О личности Ежова известно мало. (Недавно, уже после написания данной работы, этот пробел был в определенной мере восполнен публикацией книги А. Полянского37.) Член партии с марта 17-го года (официальный вариант: фактически, по некоторым данным, — с 1918 г.), Ежов довольно быстро вошел в клан руководящих партработников. Неполных 27-ми лет он секретарь Марийского обкома РКП(б) (1922), затем секретарь Семипалатинского губкома, после чего — Киргизского обкома. В декабре 1925 г. избран делегатом 14-го съезда ВКП(б). Годом 1927-м датируется переезд в столицу, где Ежов вначале трудится инструктором Орграспредотдела ЦК, а вскоре — заместителем заведующего. Фактически этот отдел был ключевым, важнейшим, поскольку ведал всеми руководящими кадрами страны.
В 1929 г. Николая Ивановича откомандировывают в Наркомат земледелия — заместителем наркома по кадрам и одновременно начальником управления кадров. Его стремительное возвышение началось с 17-го съезда (1934), на котором Ежов возглавил мандатную комиссию и вошел в ЦК.
Если, не слишком углубляясь, судить по некоторым фактам, сведениям, известным и не очень, и относящимся к позднему Ежову, то создается впечатление, что это был не слишком образованный и воспитанный, а проще, грубый человек, лишенный сентиментальности.
О разврате и роскоши, коими впоследствии отличался Берия, ничего не было слышно ни тогда, ни потом. Скорее, в личном плане он был скромен. Мог, приехав после работы на дачу в 4 часа утра, отправиться в лес по грибы. Брат его служил в охране НКВД простым солдатом.

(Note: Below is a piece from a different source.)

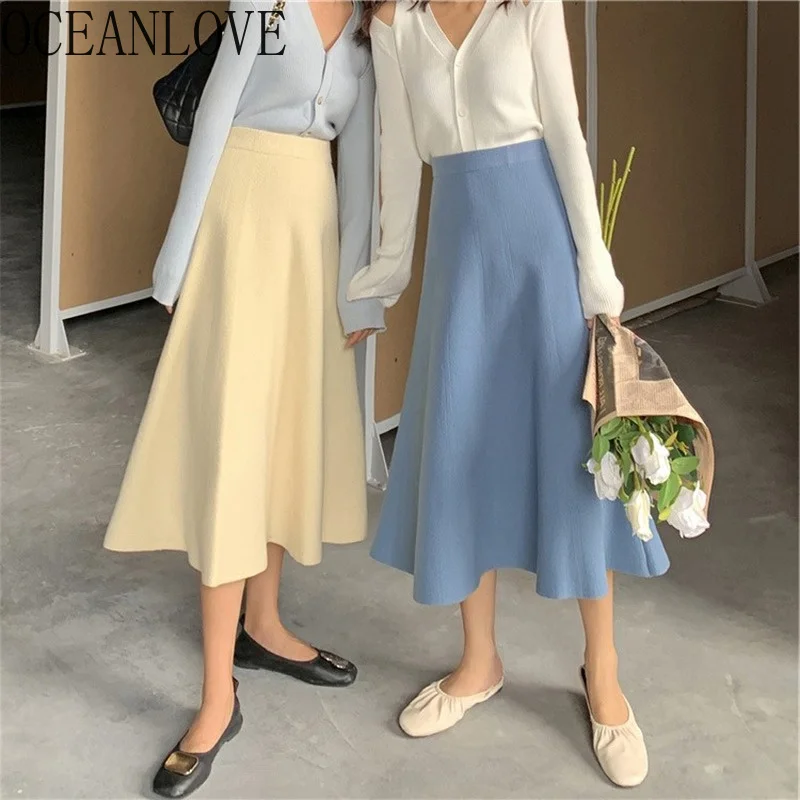 Autumn Winter Skirts Women Solid Knitting Elegant A-line aldas Largas High Waist Vintage Oice Lady 2022 Jupe emme
Autumn Winter Skirts Women Solid Knitting Elegant A-line aldas Largas High Waist Vintage Oice Lady 2022 Jupe emme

Вместе с тем сталинский нарком тихо пьянствовал. Этот свой порок он признал в последнем слове на суде, февраль 1940-го:
«Меня обвиняют в морально-бытовом разложении. Но где же факты? Я 25 лет на виду в партии. В течение этих 25 лет все меня видели, любили за скромность, за честность. Я не отрицаю, что я пьянствовал, но я работал как вол. Где же мое разложение?»5
Не стану углубляться в вопрос, можно ли считать пьянство, как таковое, «бытовым разложением». Интересно другое. Если о похождениях Берии слухи все же ходили, то дурная привычка Ежова аналогичного резонанса не имела. Причина, видимо, в том, что вредное пристрастие к рюмке не было чем-то из ряда вон выходящим в высоких кругах. «Употребляли» и наркомы, и маршалы, и члены высшего руководства, включая самого главного. Это хорошо видно из подробных мемуаров Н.С. Хрущева4.
Любопытно, что все, кто знавал Ежова до «ежовщины», в один голос оценивают его, тогдашнего, теплыми словами. По свидетельству вдовы Бухарина Анны Лариной, у которой, понятно, нет оснований приукрашивать облик малорослого палача, ее муж полагал, «что Ежов хотя человек малоинтеллигентный, но доброй души (!) и чистой совести»6.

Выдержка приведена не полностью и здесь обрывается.